## GOAL OF THE EXERCISE:
As soon as the line containing "Read online Marvel" appears in the material below, start returning lines exactly, and end with the line containing "I Became An".

## DATA SUPPLIED:
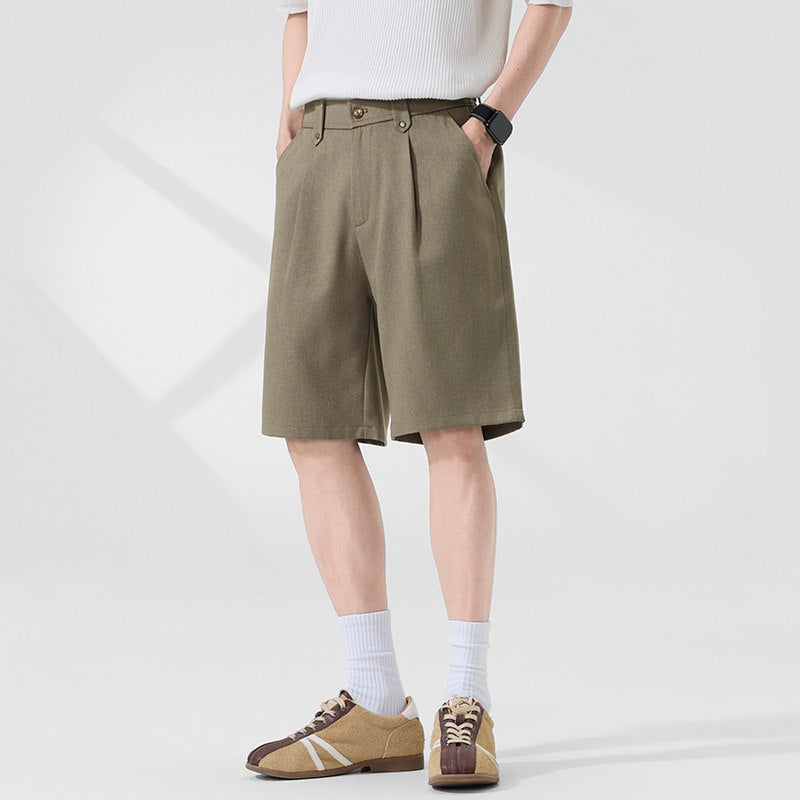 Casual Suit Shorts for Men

==

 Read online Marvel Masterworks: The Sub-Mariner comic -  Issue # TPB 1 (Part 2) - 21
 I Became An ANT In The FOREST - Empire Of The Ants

## SOLUTION BELOW:
 Read online Marvel Masterworks: The Sub-Mariner comic -  Issue # TPB 1 (Part 2) - 21
 I Became An ANT In The FOREST - Empire Of The Ants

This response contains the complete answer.